Herbstgeraschel 2
Auftragskolumne für das Bundesamt für Raumentwicklung ARE in Ittigen zum Thema «Wirtschaft und Raumentwicklung», erschienen in der Dezemberausgabe des Magazins «forum Raumentwicklung» unter der Rubrik «Herbstgeraschel» 2011, ah.
«Das Thema der nächsten Ausgabe ist <Wirtschaft und Raumplanung>», teilt mir der Redaktor fröhlich mit, um gleich erheitert zu ergänzen: «Mit Wirtschaft ist nicht <die kleine Kneipe in unserer Strasse> gemeint, gell!» Wir lachen sparsam über diesen uralten Witz, wohlwissend, dass Peter Alexander schon das Zeitliche gesegnet hat.
Wirtschaft und Raumplanung also. Mir wird leicht blümerant zumute. Mit Wirtschaft assoziiere ich fürwahr nicht viel Positives.
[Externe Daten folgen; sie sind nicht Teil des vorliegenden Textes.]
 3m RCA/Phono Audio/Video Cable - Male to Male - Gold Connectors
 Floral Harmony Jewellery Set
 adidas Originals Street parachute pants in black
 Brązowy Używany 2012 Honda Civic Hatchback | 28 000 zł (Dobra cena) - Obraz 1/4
Zudem wirft es mich zurück in erfolgreich verdrängt geglaubte Zeiten. Zeiten, gepflastert mit Schulabschlüssen, die schicksalhaft das Schild «zweiter Bildungsweg» mit sich trugen und ausgerechnet mir keine andere Wahl als die mit der Fachrichtung «Wirtschaft» liessen. Ein Fach, das mir diametraler nicht entgegengesetzt hätte sein können. Betriebswirtschaftslehre, Volkswirtschaftslehre, Wirtschaftsrechnen… Was war mir schlecht in jenen Jahren. Meine Versuche, Bilanzen zu erstellen, zogen Elterngespräche nach sich, obgleich ich damals schon beinahe volljährig war. Ich blieb diesbezüglich absolut talentfrei. Bis heute.
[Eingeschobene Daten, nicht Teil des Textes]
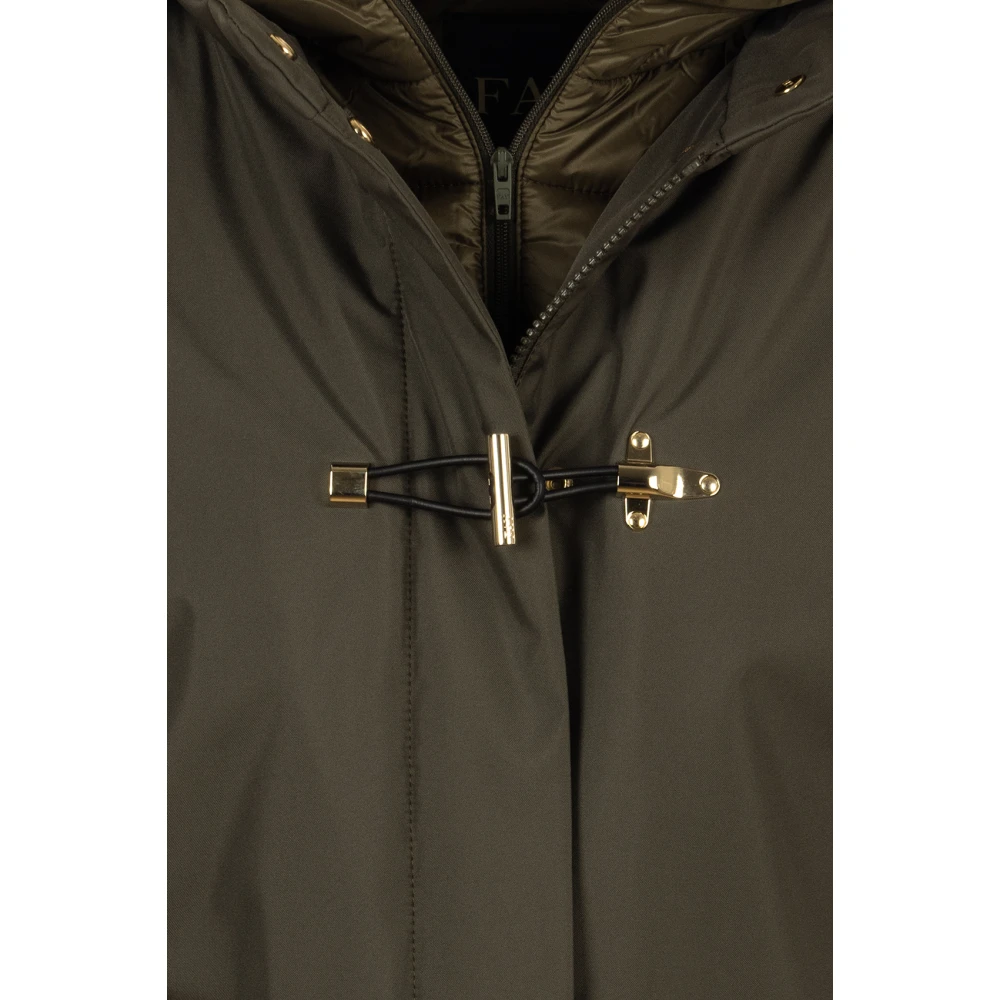 Fay Stijlvolle Jassen Collectie Green Dames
Heute freilich, beinah dreissig Jahre später, kann ich im Zeitalter des World Wide Web immerhin klugscheissen mit Wikipedia: «Das Wort Wirtschaft wird von Wirt im Sinne von Gastgeber und bewirten im Sinne von (ein-)schenken abgeleitet und ist die deutsche Übersetzung des altgriechischen Wortes oíkonomos. Oíkos <Haus> und nomos <Gesetz> oder <Regel>, das Haushälter oder eben Wirt bedeutet.» Da wären wir wieder in der «kleinen Kneipe in unserer Strasse», und die passt einfach auch besser zu mir als Bilanzen, Börsen oder Banken. Ich bin und bleib der Grieche, wenn es um Wirtschaft geht. Mein Kontostand ist Zeuge. Und unverhehlt gebe ich zu, dass ich angesichts der allgemeinen Weltlage eine regelrecht diebische Freude daran habe, dass sich ganze Länder offenbar ähnlich talentfrei zeigen, wenn es um Wirtschaft und vor allem ums damit verbundene Wirtschaften geht. Älterwerden kann so trostreich sein.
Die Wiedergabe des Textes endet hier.